This data is shared for the legitimate interests of the customer. You've bought something and asked to a) pay for it, and b) have it delivered. I think it's reasonable to expect that the companies involved in this can contact you for the purposes of fulfilling your request.

This is all done under GDPR. The companies hold the data only for as long as they need, for the purposes explicitly requested by the user. This will all be included in privacy policies.

> It also seems that you could set up your own relay allowing those providers to contact your customers.

This might be technically possible, but introduces many concerns such as deliverability and spam ratings. Relaying email in this way is non-trivial when you're doing it at scale. For services sending ~100k emails a month or more, this requires careful planning because it's very easy to become filtered as spam.




What stops the user from consensually providing this information in a form field at checkout, if they wish for such contact?


1. You already gave those downstream vendors your contact information so they can, you know, ship your package to your home and charge your credit card.

2. 99.99% of all users probably want to be emailed tracking information or payment confirmation information. Adding such a checkbox only adds friction to their funnel in order to please an incredibly small minority of people using their site.


Thanks for that . A couple of things: 1. I don’t think an E-mail address is really necessary in order to ship a package or charge a credit card. 2. Friction and convenience used to be acceptable reasons to collect personal info without consent but maybe that’s starting to change. I highly doubt the 99.99% figure but having no data of my own I won’t dispute it. I trust that you have seen such an opt-in rate for sharing E-mail addresses in your past user research.


> I don’t think an E-mail address is really necessary in order to ship a package or charge a credit card.

For credit cards, no it's not (but would be for pay-later, PayPal perhaps, Alipay, AmazonPay, maybe).

For shipping, most shipping companies have the option to handle the customer communication. When creating an order you provide them an email address and/or phone number, and they will send notifications. Many use these channels to provide the user the ability to reschedule deliveries, select delivery windows, change their delivery address, etc. This process is often also white-labelled so you may not realise that it's actually with the delivery company.

These details are not stored long term, only for the purposes of doing the delivery, any applicable returns process, and any insurance claims, etc.

It is possible to not do this, but assuming the retailer wishes to provide the same level of communication it means a much deeper level of integration, as tracking data needs to be ingested by the retailer.
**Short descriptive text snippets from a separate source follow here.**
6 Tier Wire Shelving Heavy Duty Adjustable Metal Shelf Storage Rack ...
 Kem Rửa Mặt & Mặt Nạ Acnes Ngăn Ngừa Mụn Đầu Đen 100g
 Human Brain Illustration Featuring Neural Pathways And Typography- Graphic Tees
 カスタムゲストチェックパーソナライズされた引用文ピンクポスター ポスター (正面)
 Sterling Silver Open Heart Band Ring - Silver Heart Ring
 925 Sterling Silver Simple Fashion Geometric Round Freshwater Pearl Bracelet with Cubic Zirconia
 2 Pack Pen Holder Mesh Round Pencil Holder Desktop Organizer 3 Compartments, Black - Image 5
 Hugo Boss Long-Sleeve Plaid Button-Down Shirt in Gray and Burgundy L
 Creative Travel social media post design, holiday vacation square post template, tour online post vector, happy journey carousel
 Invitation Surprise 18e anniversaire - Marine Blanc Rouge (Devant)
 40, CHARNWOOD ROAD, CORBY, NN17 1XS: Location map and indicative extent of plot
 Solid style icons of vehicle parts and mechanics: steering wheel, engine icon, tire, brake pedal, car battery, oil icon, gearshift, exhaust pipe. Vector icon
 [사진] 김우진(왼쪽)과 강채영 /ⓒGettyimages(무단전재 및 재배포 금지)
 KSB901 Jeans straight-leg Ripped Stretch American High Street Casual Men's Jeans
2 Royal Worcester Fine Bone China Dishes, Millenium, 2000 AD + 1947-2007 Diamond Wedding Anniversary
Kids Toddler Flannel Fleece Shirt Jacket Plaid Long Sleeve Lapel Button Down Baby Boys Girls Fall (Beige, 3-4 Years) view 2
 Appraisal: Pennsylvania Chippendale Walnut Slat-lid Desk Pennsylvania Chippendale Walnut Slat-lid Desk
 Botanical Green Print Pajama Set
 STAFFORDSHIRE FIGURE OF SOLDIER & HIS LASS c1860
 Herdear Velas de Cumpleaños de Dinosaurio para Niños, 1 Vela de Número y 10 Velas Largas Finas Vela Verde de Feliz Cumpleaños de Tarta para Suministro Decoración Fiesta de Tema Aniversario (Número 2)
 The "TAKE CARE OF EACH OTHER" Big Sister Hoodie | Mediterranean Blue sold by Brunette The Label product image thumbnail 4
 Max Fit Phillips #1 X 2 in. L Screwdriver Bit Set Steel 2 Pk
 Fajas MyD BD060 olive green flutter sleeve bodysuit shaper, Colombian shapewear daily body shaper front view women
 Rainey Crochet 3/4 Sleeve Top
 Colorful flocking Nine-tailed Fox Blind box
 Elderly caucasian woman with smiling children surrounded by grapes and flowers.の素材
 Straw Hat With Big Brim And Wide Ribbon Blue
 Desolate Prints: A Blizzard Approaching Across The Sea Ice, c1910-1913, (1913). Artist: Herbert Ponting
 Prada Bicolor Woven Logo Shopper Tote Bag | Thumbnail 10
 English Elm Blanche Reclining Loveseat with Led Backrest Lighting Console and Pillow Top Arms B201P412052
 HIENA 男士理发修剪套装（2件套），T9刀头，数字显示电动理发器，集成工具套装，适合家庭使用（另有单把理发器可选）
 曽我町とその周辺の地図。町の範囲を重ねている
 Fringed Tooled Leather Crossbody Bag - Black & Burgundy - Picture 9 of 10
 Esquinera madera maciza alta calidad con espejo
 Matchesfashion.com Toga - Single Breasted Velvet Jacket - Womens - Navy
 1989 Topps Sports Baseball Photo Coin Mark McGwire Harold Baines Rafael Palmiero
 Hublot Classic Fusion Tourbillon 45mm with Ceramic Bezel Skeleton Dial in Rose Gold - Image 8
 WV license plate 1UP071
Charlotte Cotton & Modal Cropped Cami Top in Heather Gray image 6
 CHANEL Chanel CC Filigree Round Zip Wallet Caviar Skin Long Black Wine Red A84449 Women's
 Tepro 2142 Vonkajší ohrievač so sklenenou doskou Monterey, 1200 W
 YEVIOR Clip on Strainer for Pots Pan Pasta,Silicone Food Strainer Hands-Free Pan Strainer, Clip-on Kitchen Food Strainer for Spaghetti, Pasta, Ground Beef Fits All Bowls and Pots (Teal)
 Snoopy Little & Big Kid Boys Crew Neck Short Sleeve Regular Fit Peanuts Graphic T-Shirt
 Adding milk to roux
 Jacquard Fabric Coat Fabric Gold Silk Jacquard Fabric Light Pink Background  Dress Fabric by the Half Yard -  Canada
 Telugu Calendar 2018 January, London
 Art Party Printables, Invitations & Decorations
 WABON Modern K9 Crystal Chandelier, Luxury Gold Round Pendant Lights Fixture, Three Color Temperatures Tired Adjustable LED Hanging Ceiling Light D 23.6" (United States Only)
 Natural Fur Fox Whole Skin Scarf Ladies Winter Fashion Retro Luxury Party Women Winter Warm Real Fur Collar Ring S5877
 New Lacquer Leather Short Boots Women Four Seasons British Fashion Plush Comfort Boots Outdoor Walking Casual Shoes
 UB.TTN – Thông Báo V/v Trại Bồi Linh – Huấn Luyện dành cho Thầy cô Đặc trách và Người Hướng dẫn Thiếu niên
Given the industry has no standards for this, and "integrations" are SFTP + cron jobs once a day + CSVs, this can be pretty difficult, error prone, and result in a poor UX where you don't actually have the granularity of data to send an email when the package has been delivered.

> Friction and convenience used to be acceptable reasons to collect personal info without consent but maybe that’s starting to change.

We have found that it is within the user's expectation that we will share contact details to the third parties necessary to complete their order in this manner. It's in our privacy policy that we do this. We also check that all of our suppliers understand their GDPR responsibilities.